JEFFERSON CITY - Various agencies reached an agreement late Monday afternoon whether mentally retarded people should be excluded from receiving the death penalty.
Prosecutors, defense attorneys, the Attorney General's office, and members of the Catholic Conference agreed upon several issues relating to the death penalty and mentally retarded defendants.
The compromise centered around a bill by Rep. Mike Schilling, D-Springfield. His proposal would provide life in prison without the possibility of parole for mentally retarded people guilty of first-degree murder. The bill says whether a person is mentally retarded "shall be heard and determined by the trial court out of hearing of the jury prior to the commencement of the trial."
If it is proven that the defendant is mentally retarded during the pretrial phase, the evidence can be presented to the jury if it is relevant.
The Executive Director of the Missouri Association of Prosecuting Attorneys, Cole County's Prosecutor Rich Callahan, supports the legislation to eliminate the possibility of the death penalty for mentally retarded.
"I don't believe that we've necessarily had a problem with this issue in Missouri," Callahan said. "Nonetheless, I still believe this compromise will help to ensure we don't have a problem in Missouri."
However, Kevin Crane, Boone County Prosecuting Attorney, has a different take on the compromise within Shilling's bill.

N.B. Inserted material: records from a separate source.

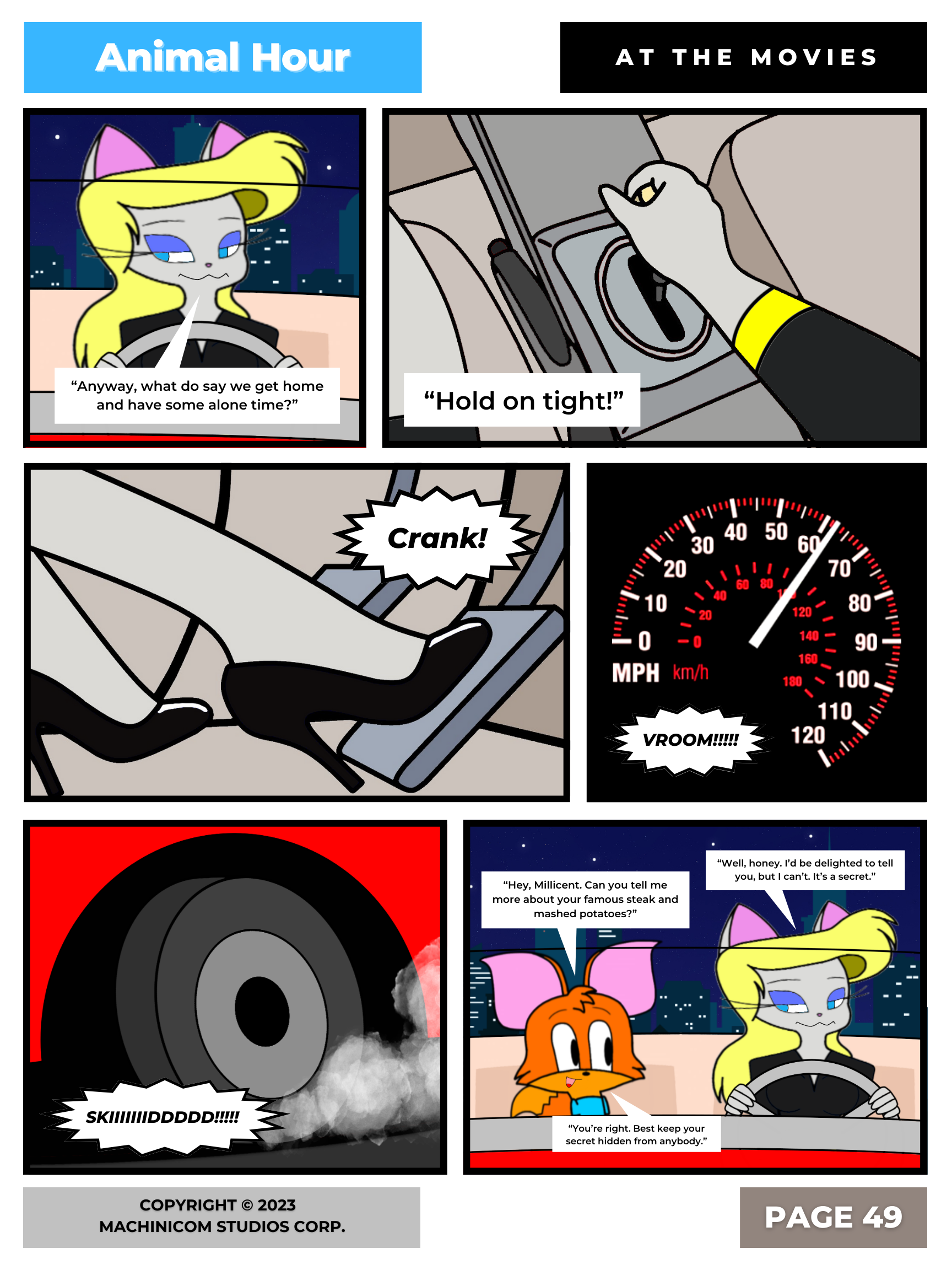 Animal Hour - At the Movies - Page 49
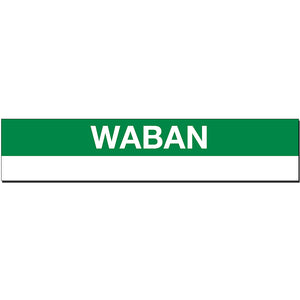 Waban Sign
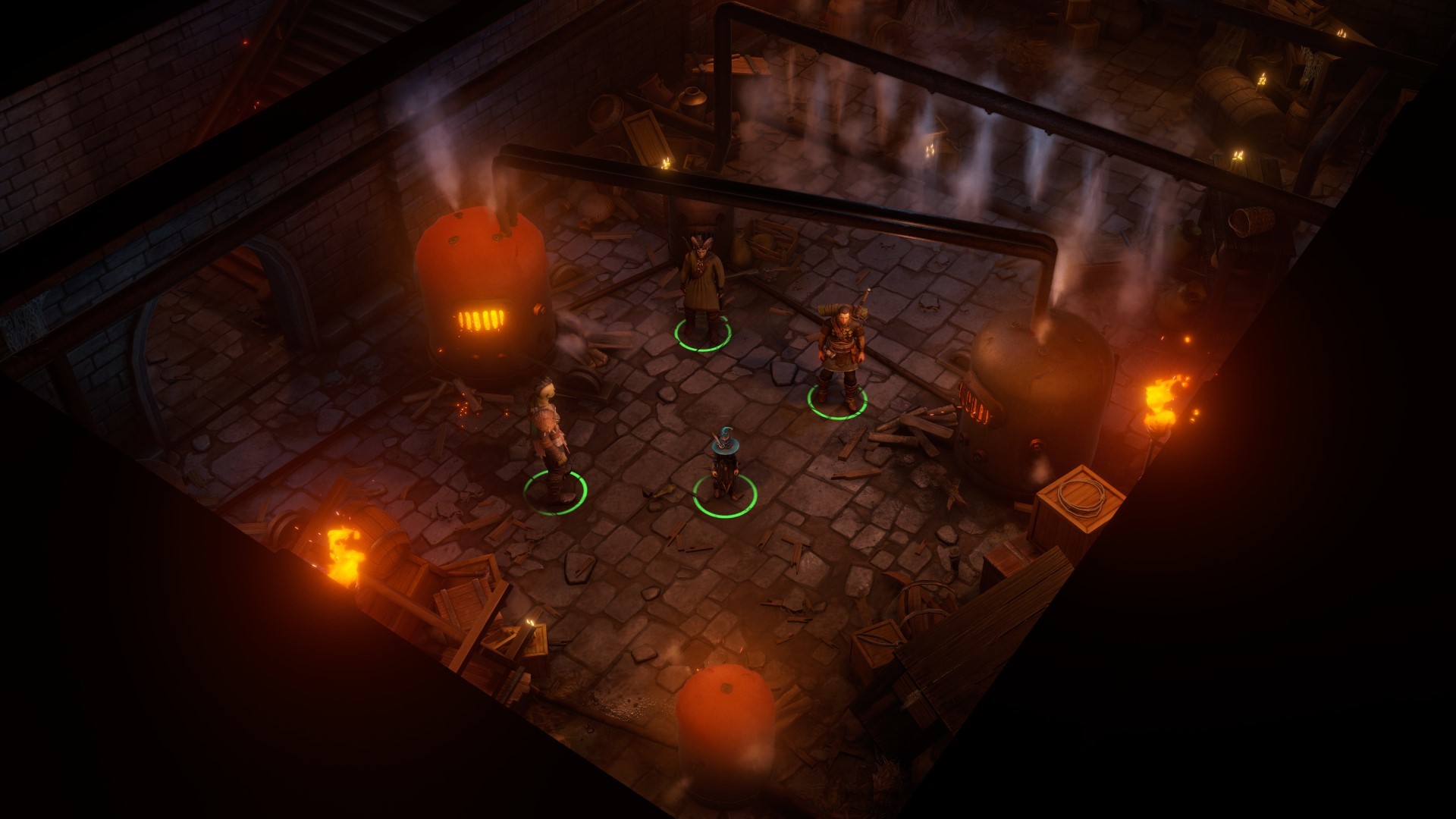 Pathfinder: Wrath of the Righteous - Through the Ashes — скриншот 1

"People may fall under the definition of mental retardation, but know full well they committed an illegal act and further deliberated before they killed somebody," he said. "I'm just not in favor of such a measure."
Crane said defense attorneys can now argue to a jury that the defendant is mentally retarded. The jury can then decide whether or not they agree.

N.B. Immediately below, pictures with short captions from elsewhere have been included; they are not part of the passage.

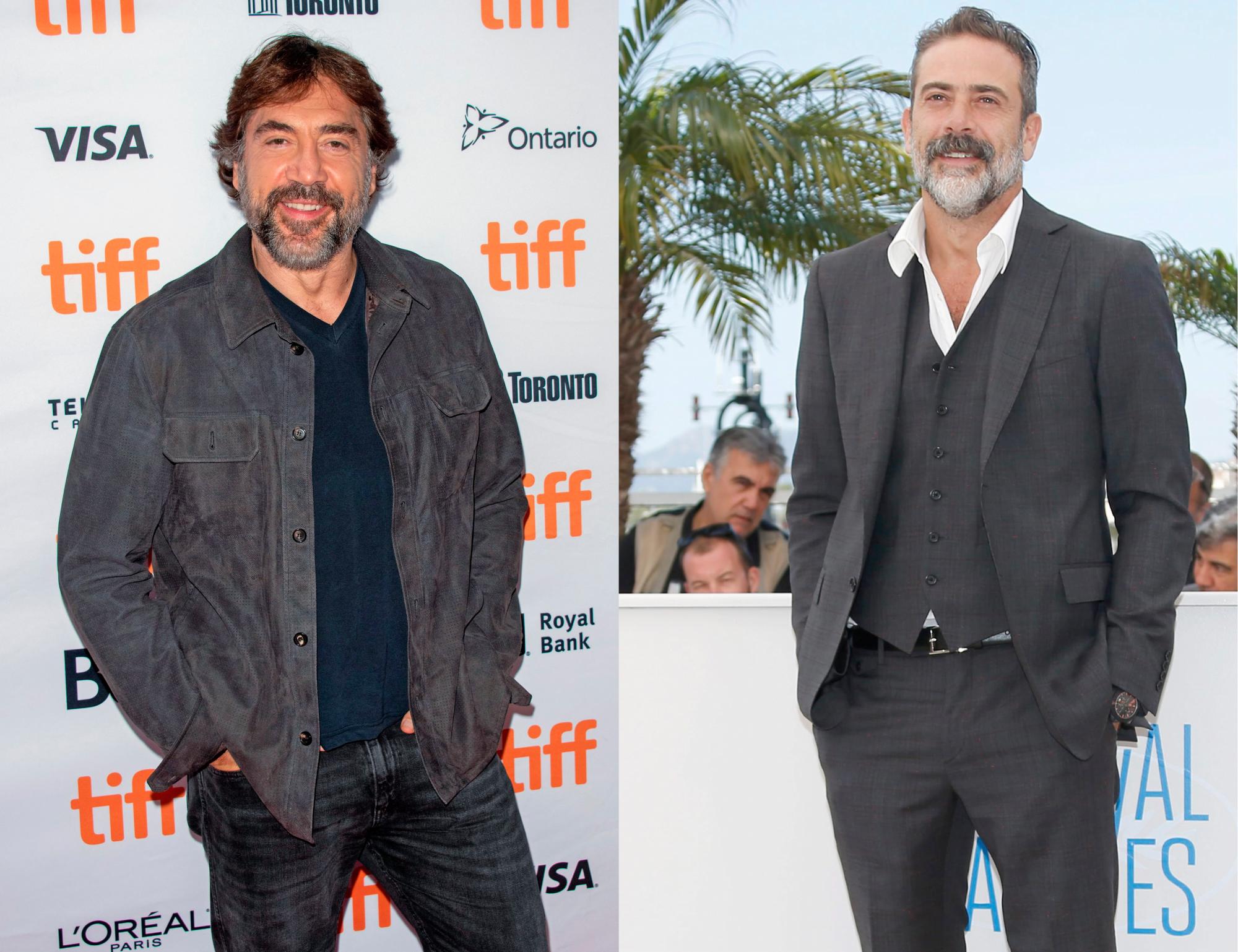 Javier Bardem Parecido A Jeffrey Dean Morgan Estrellas que se parecen a otras estrellas - Diario Libre
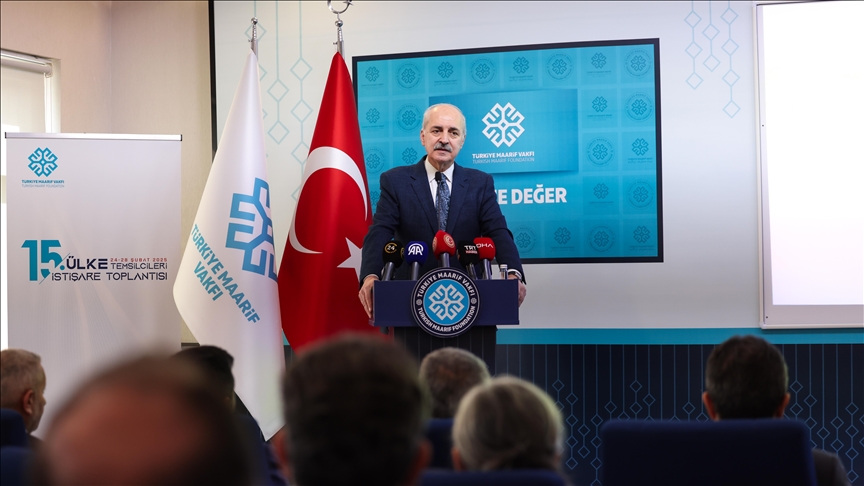 TBMM Başkanı Kurtulmuş: Anadolu irfanının dünyaya öğretileceği bir zamandayız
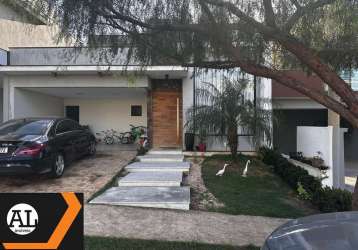 Linda casa à venda no condomínio ibiti reserva em sorocaba, com 3 quartos, sendo uma suíte com closet, piscina, área gourmet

Schilling said his bill would go a step further and not rely just on whether or not a jury believes the defendant is mentally retarded.
Rep. Craig Hosmer, D-Springfield, who chairs the House Criminal Law Committee where Schilling's bill will be heard possibly on Tuesday, co-sponsored the legislation. He said he wanted to make sure the legislation would protect the mentally retarded, but not provide an outlet for those who are not retarded.

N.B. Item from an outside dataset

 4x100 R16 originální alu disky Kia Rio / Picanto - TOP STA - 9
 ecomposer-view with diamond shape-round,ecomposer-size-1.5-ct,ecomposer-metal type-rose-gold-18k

"The goal is to eliminate the death penalty for those truly mentally retarded," Hosmer said. "Everyone agrees with that."
Schilling's bill would also create a nine-person commission on the death penalty that would hold public meetings to discuss whether or not the death penalty should be used in certain cases. The committee would study all first- and second-degree murder cases that were decided on or after Jan. 1, 1977.
One assignment of the committee would be to determine if evidence existed that the defendant was mentally retarded. The committee would report its findings to the governor, members of the legislature and the Missouri Supreme Court by Jan. 1, 2003.